If there is one stark contradiction in US foreign policy, it is this: a relative power decline and the weakening of the domestic base for a superpower role would suggest that America would seek to re-craft a new global role, one consistent with its means and body politic. For example, a recent Bloomberg poll revealed that 58 per cent of Americans felt the US was declining as a world leader. Yet, a parallel self-image of an exceptional America as a "city upon a hill" seems to be the persistent and default mantra for any mainstream policymaker. Barack Obama's West Point speech in May exemplified this: "I believe in American exceptionalism with every fiber of my being", even as he wisely argued against the overuse of the American military "hammer". But then insisting, "America must always lead on the world stage. If we don't, no one else will."

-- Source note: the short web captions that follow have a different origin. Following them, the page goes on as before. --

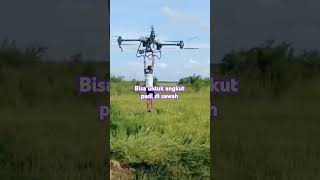 Uji coba drone pengangkut padi [upl. by Ecadnac]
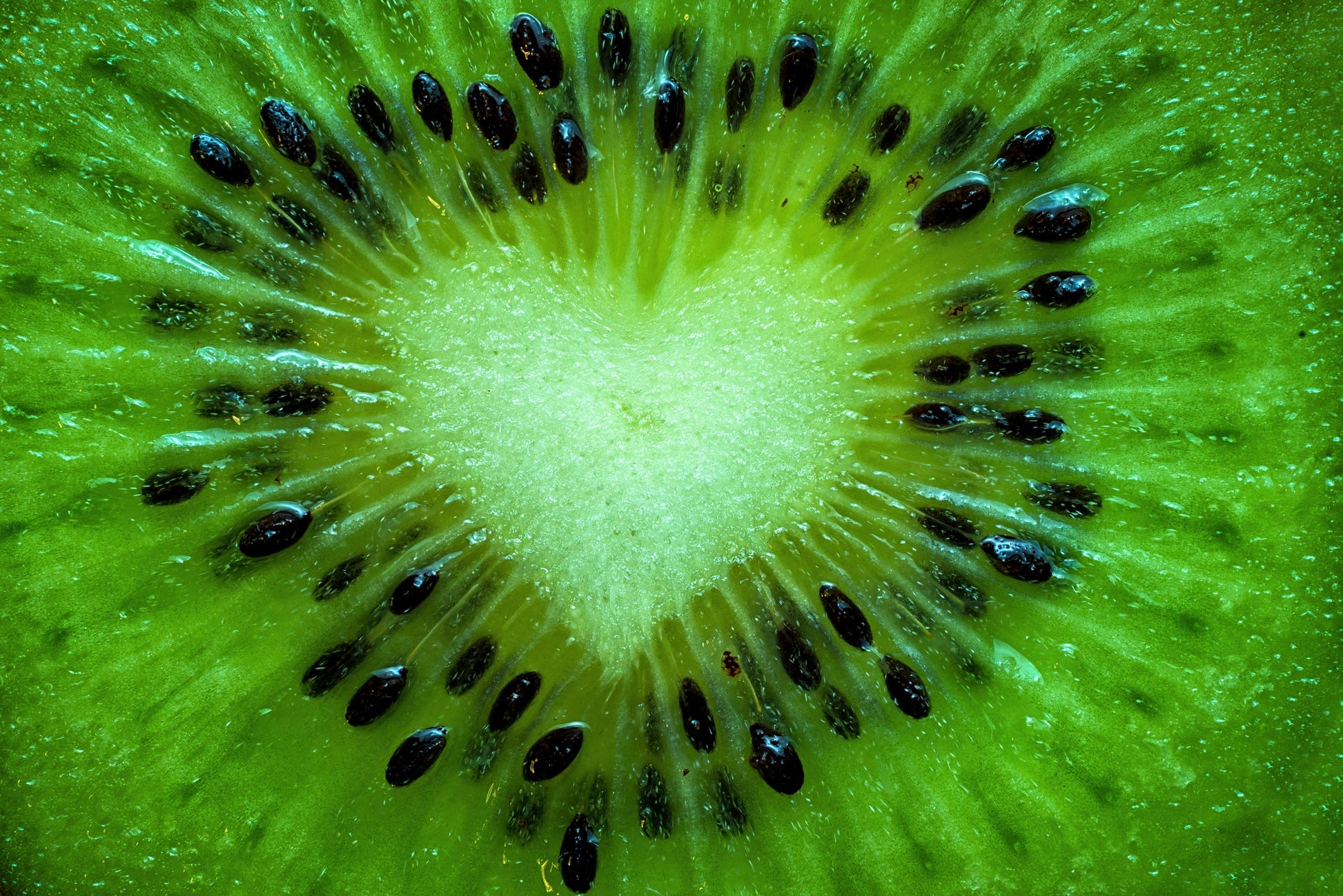 Kiwi Fruit (Actinidia chinensis) - 100 Seeds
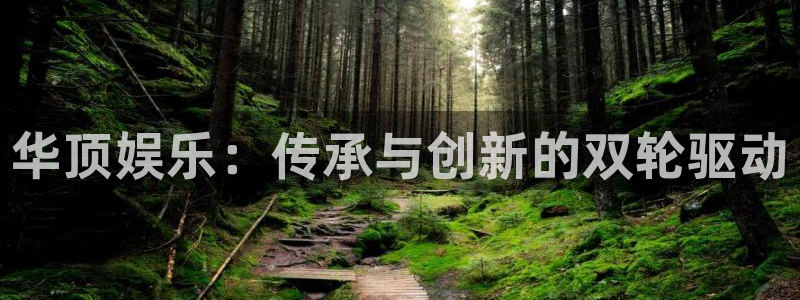 乐天堂fun平台注册入口：华顶娱乐：传承与创新的双轮驱动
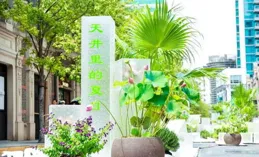 絕美荷塘上新！來橫琴，解鎖夏日賞荷新體驗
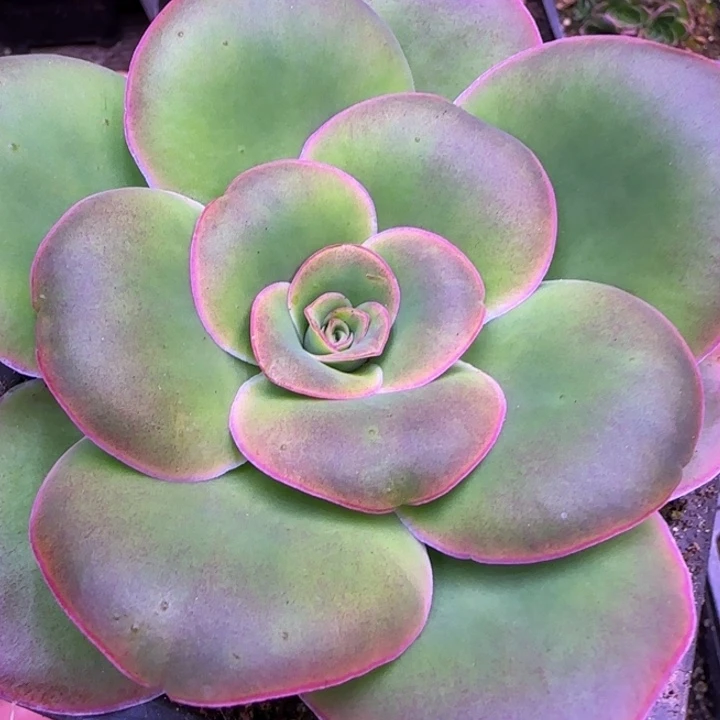 白***饼福利2556856866568568866665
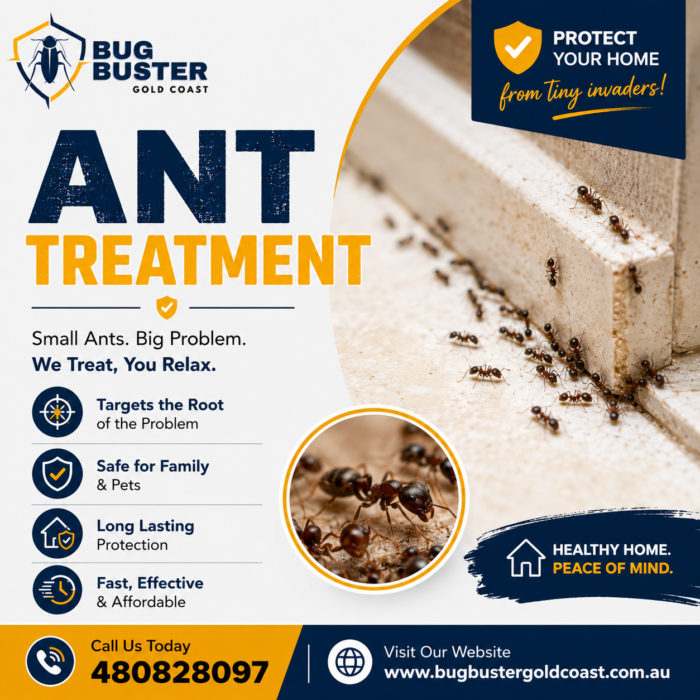 Ant Treatment Gold Coast – Protect Your Home from Ant Infestations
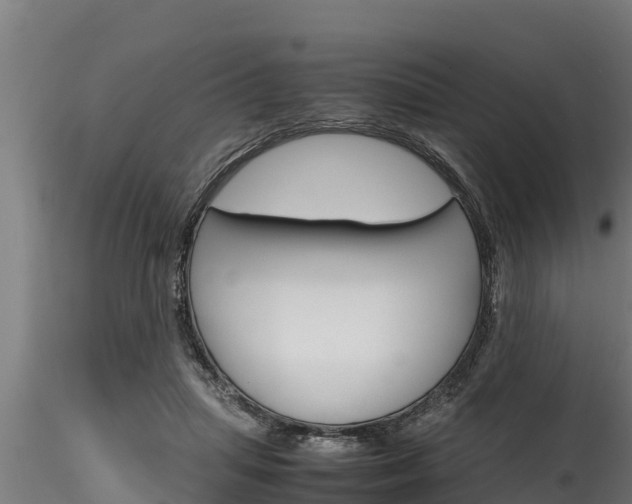 X0000116270455200911301020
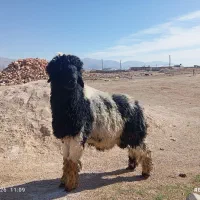 بره قوچی|حیوانات مزرعه|مرودشت, مسکن مهرگان|دیوار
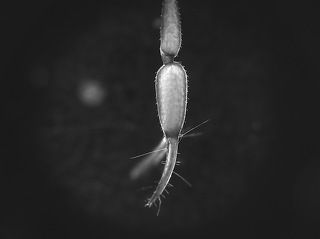 Держи клешню, брат!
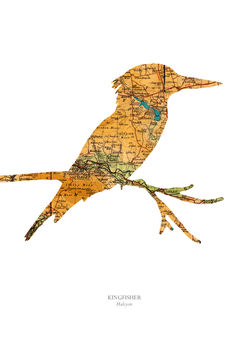 Personalised Kingfisher Map Print, 4 of 6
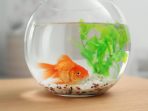 Beautiful bright small goldfish in round glass aquarium on wooden table indoors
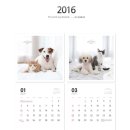 도그팡팡 이미지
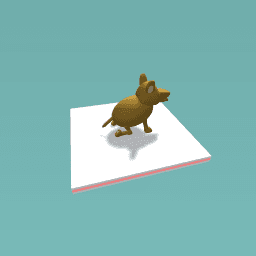 taking ticks off a dog :>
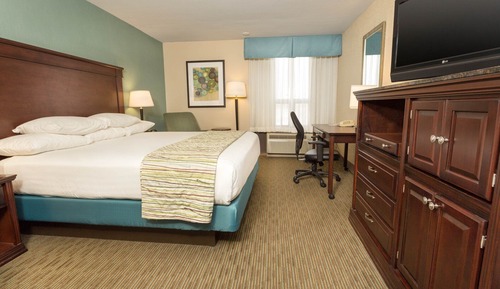 Habitación estándar, 1 cama de matrimonio grande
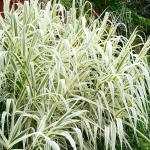 06-night-garden-striped-giant-reed-477.jpg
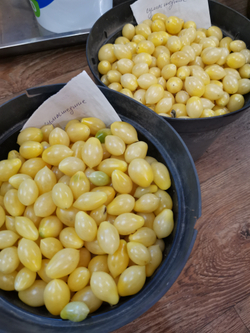 Помидоры Черри Сумасшедшие Ягоды - Bаrry’s Crazy Cherry Tomato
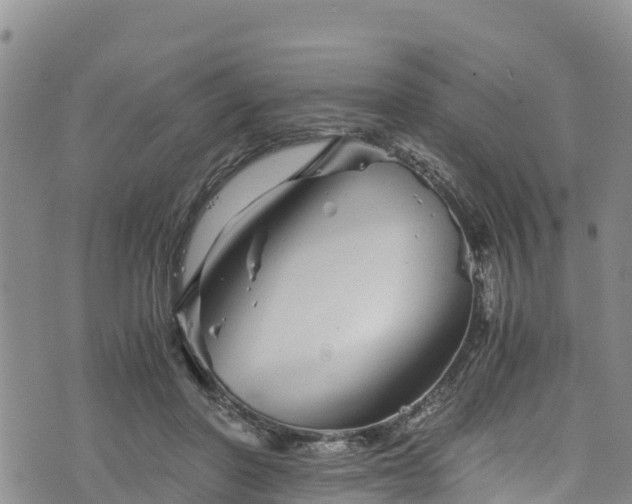 X0000076450406200610161316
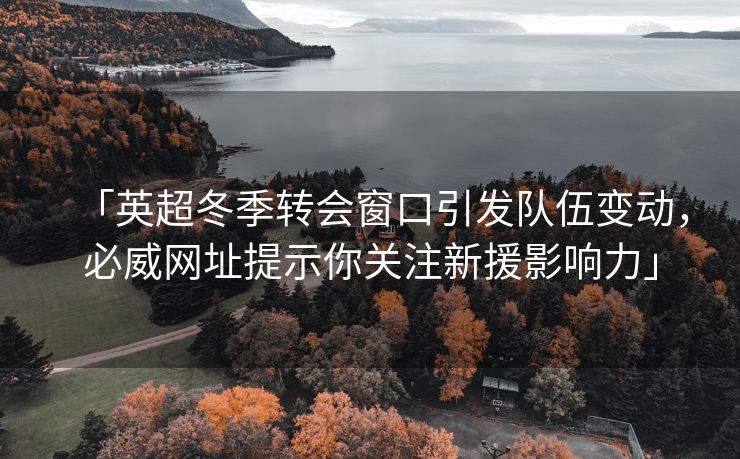 「英超冬季转会窗口引发队伍变动，必威网址提示你关注新援影响力」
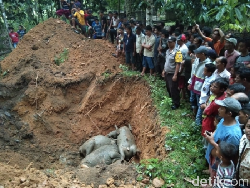 Ratusan Warga Saksikan 19 Kerbau Mati Tersambar Petir Dikubur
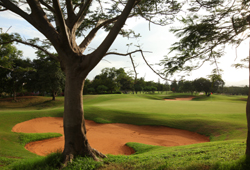 Eagleton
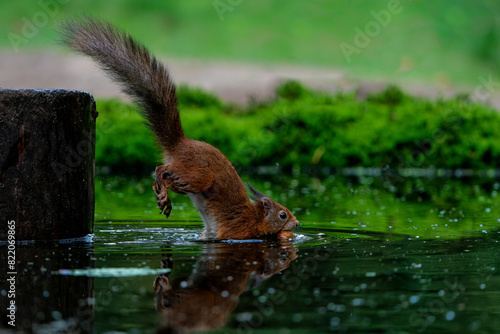 Eurasian red squirrel (Sciurus vulgaris) searching for food in the forest in the Netherlands.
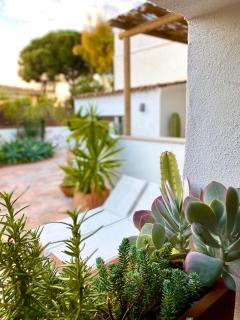 Can Yuca II - Cala Mondragó - 2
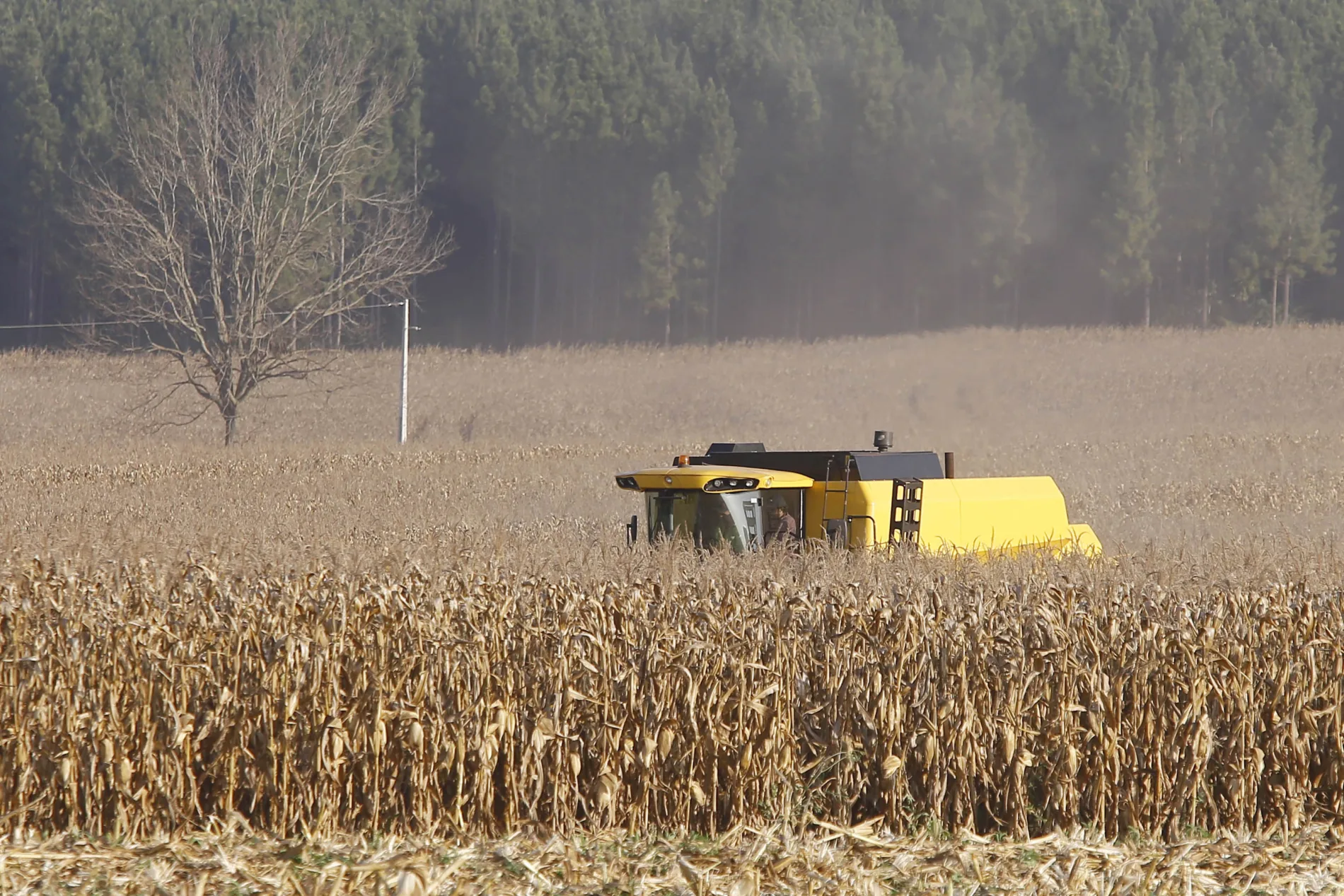 1ª safra de milho pode ter resultado histórico no Paraná; 2ª safra tem chance de recorde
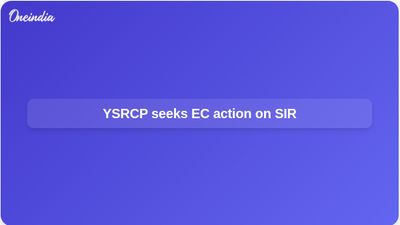 Special Intensive Revision in Andhra Pradesh: YSRCP asks EC to address BLO disruptions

This dichotomy between a declining capacity and will to sustain an exceptional role, and, the persistence of a discourse of exceptionalism among US elites suggests a potentially dangerous inflexion point. Arguably, this reflects an American identity crisis that is part of the normative and material transition to a multipolar world.
The reason this matters is America's role flux is having global consequences. An America unwilling to re-define its role based on primacy is also an America that cannot engage with a cross-section of states. Aside from a momentary display of diplomacy, when Russia and the US crafted a deal to secure Syria's chemical weapons last September, the American problem-solving equation is frozen in a binary between using the "hammer" or doing nothing.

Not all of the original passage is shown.